┌──
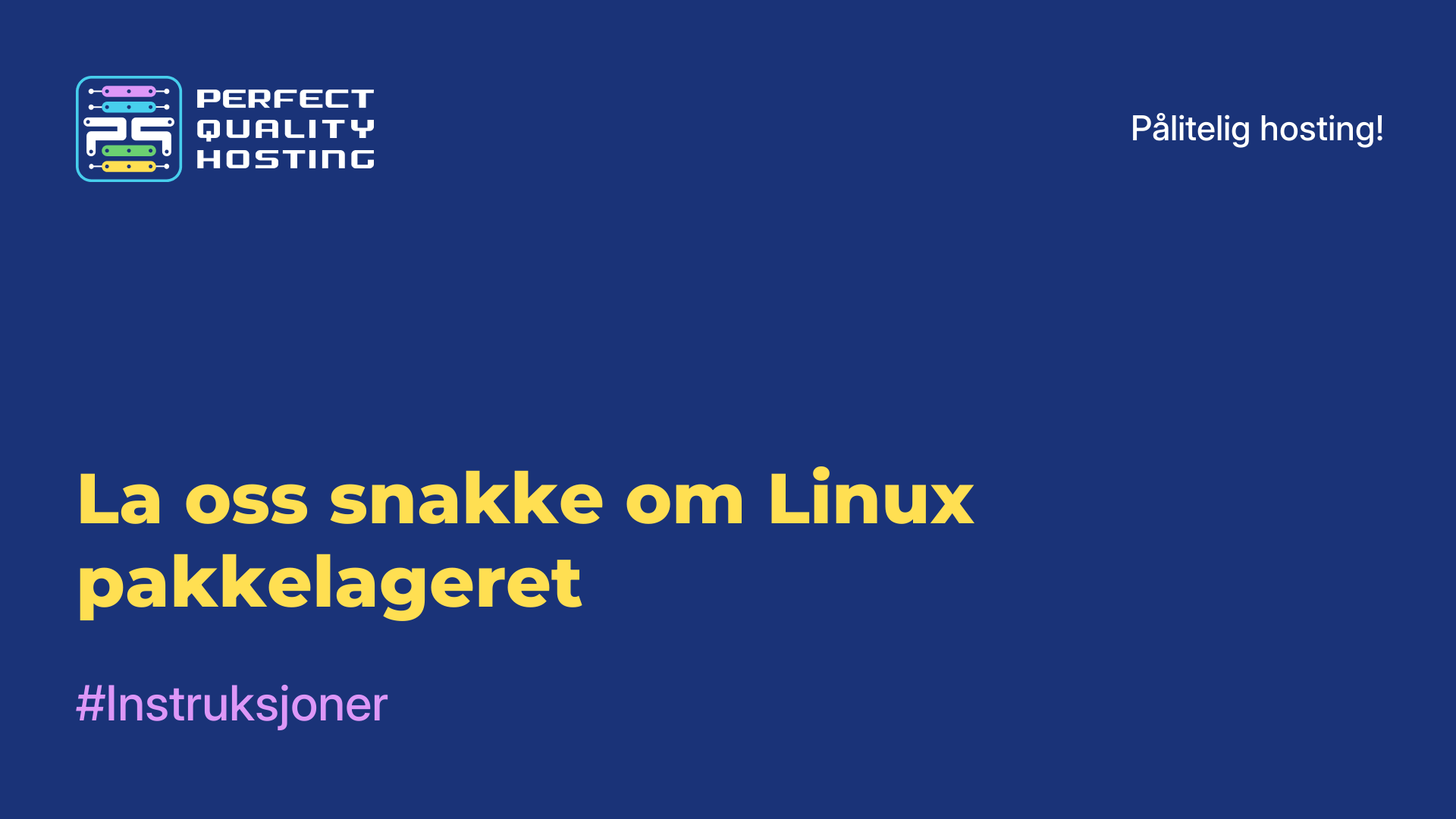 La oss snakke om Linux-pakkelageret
└──
┌──
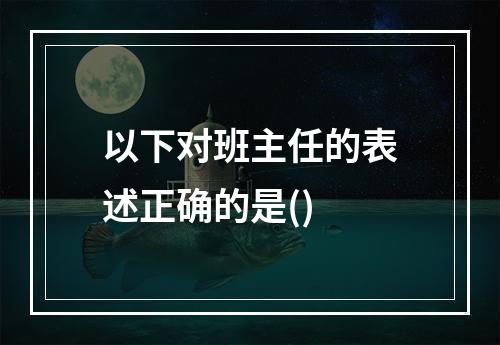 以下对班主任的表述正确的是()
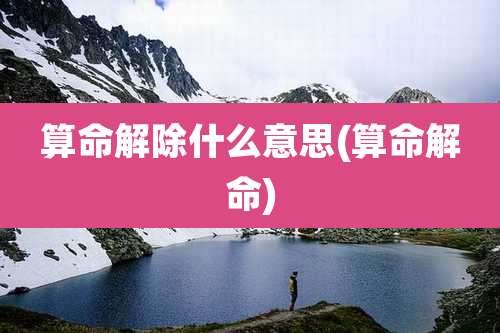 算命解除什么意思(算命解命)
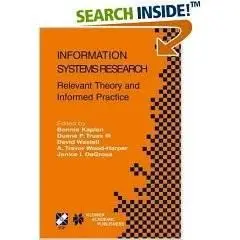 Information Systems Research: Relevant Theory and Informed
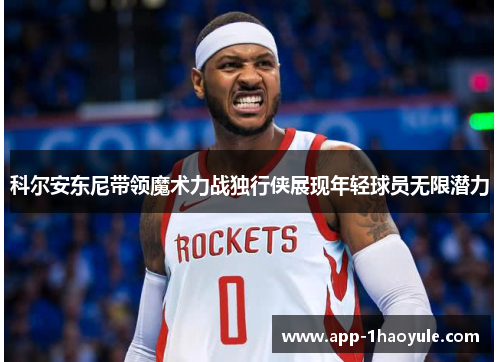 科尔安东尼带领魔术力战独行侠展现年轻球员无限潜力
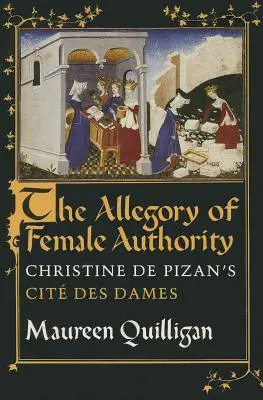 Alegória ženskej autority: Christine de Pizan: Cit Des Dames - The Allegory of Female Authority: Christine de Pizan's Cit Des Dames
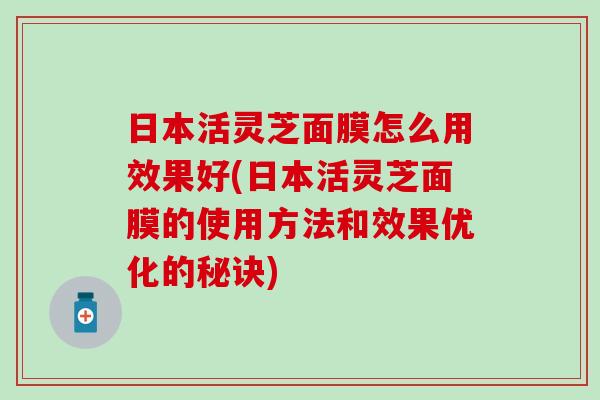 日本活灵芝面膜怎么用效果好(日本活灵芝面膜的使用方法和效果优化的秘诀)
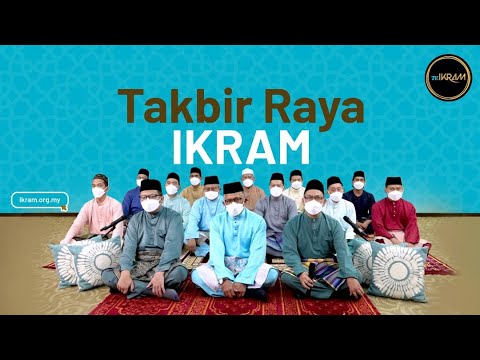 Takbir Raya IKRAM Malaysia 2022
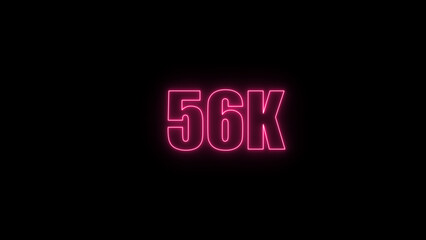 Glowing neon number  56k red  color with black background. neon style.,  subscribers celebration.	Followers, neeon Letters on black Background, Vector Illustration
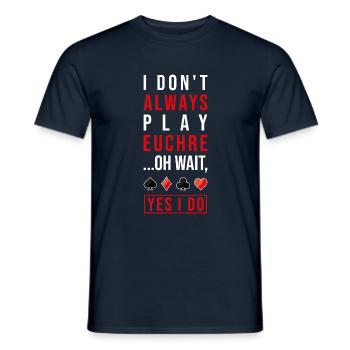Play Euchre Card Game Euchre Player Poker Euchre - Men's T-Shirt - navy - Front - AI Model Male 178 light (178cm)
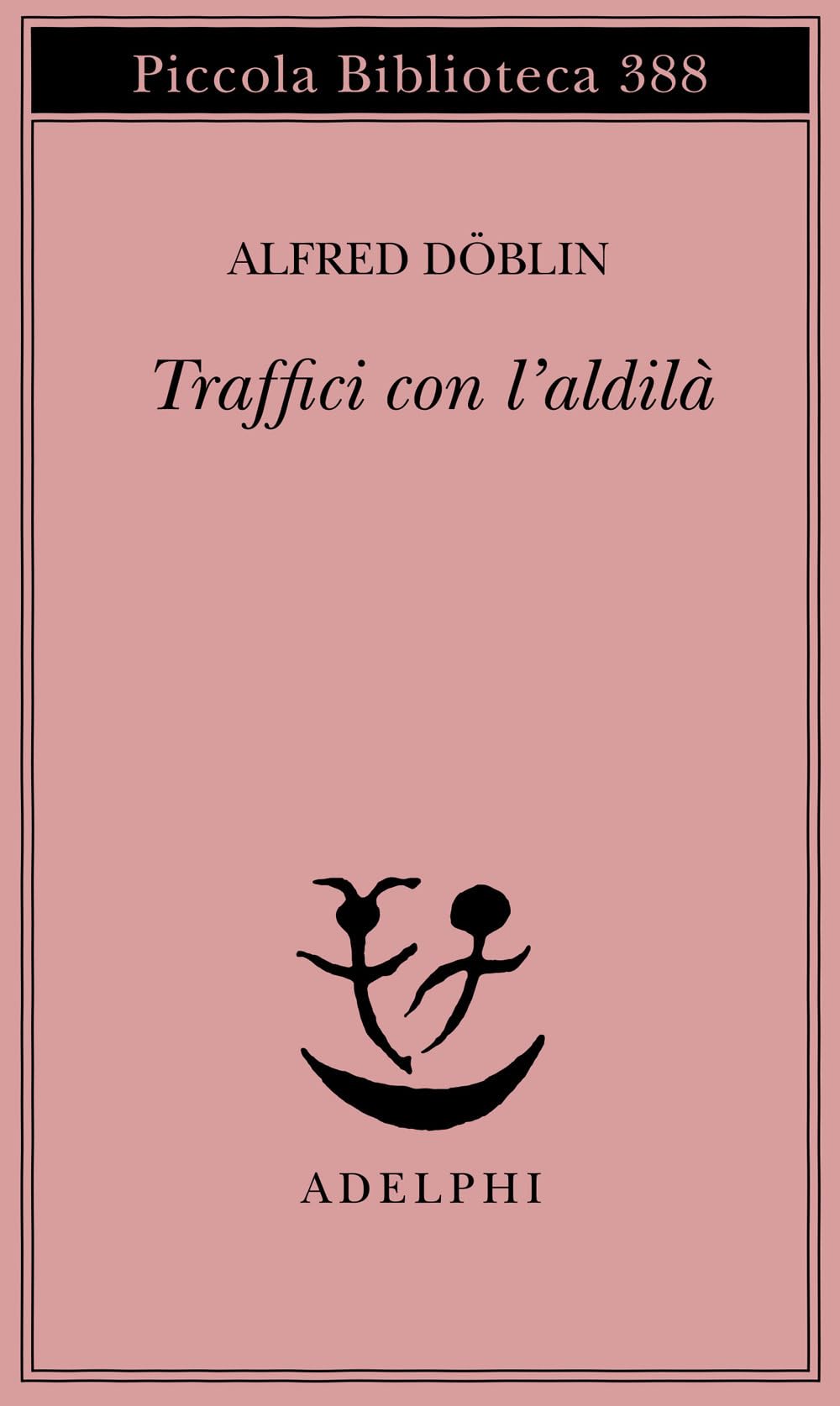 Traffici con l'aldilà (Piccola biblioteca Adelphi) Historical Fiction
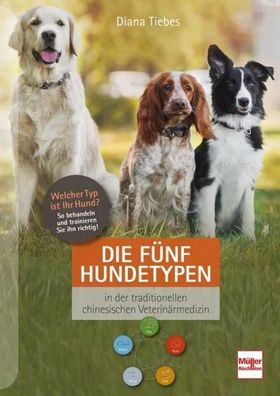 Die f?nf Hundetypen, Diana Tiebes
└──
Problem statement: Range to copy from the listing above: the line containing "Information Systems Research: Relevant" down to the line containing "Takbir Raya IKRAM Malaysia 2022", both included. Reproduce it exactly, minus the pictures, and add nothing.

Exercise solution:
 Information Systems Research: Relevant Theory and Informed
 科尔安东尼带领魔术力战独行侠展现年轻球员无限潜力
 Alegória ženskej autority: Christine de Pizan: Cit Des Dames - The Allegory of Female Authority: Christine de Pizan's Cit Des Dames
 日本活灵芝面膜怎么用效果好(日本活灵芝面膜的使用方法和效果优化的秘诀)
 Takbir Raya IKRAM Malaysia 2022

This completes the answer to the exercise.